False accusations of AI use can drive away new editors and foster an atmosphere of suspicion. Before claiming AI was used, consider whether Dunning–Kruger effect and confirmation bias is clouding your judgement. Here are several somewhat commonly used indicators that are ineffective in LLM detection—and may even indicate the opposite.
Perfect grammar: While modern LLMs are known for high grammatical proficiency, many editors are also skilled writers or come from professional writing backgrounds. (See also § Sudden shift in English variety use.)
Combination of casual and formal registers, or language that sounds both "clinical" and "emotional": This may indicate the casual writing of a person in a technical field, such as computer science. It may also indicate youth, a preference for mixed registers, playfulness, or neurodivergence. In the case of a wiki, it may simply be the result of multiple editors adding to a page.
"Bland" or "robotic" prose: LLM output has specific traits, as detailed above, and it skews positive and verbose by default. While these tendencies are formulaic, they may not scan as "robotic" to those unfamiliar with AI writing.
"Fancy", "academic", or "formal" prose: While LLMs disproportionately favor certain words and phrases, many of which are longer and have more difficult readability scores than some of their synonyms, these are specific words. The correlation does not extend to all formal, academic, or "fancy"-sounding prose.

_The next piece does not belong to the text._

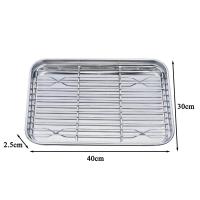 Stainless Steel Baking Tray with Removable Cooling Rack Set Non-stick Chips Basket Baking Dish Grill Mesh BBQ Tray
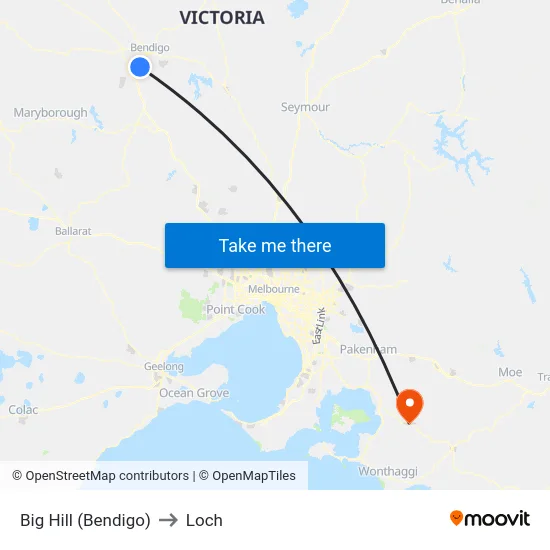 Big Hill (Bendigo) to Loch map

Letter-like writing (in isolation): Although many talk page messages written with salutations, valedictions, subject lines, and other formalities after 2023 tend to appear AI-generated, letters and emails have conventionally been written in such ways long before modern LLMs existed. Human editors (particularly newer editors) may format their talk page comments similarly for various reasons, such as being more accustomed to formal communication, posting as part of a school assignment that requires this tone, or simply mistaking the talk page for email. Other tells, such as vertical lists, placeholders, or abrupt cutoffs, are stronger.
Transition words (in isolation): Older AI text tended to formulaically overuse certain transitions like Additionally, Consequently, and Notably, often to begin sentences. However, only a few transition words and phrases are known to be overused by AI in this way. This pattern also has precedence in essay-like writing by humans and is accepted by many style guides, so this is not a strong tell.
Unsourced content: More than 570,000 articles are tagged as needing citations, and most of them predate LLMs. Meanwhile, since modern LLM chatbots can search the web and view sources a user provides to it, citations are fairly common now in AI-generated text. This does not mean they are accurate citations, but they are there.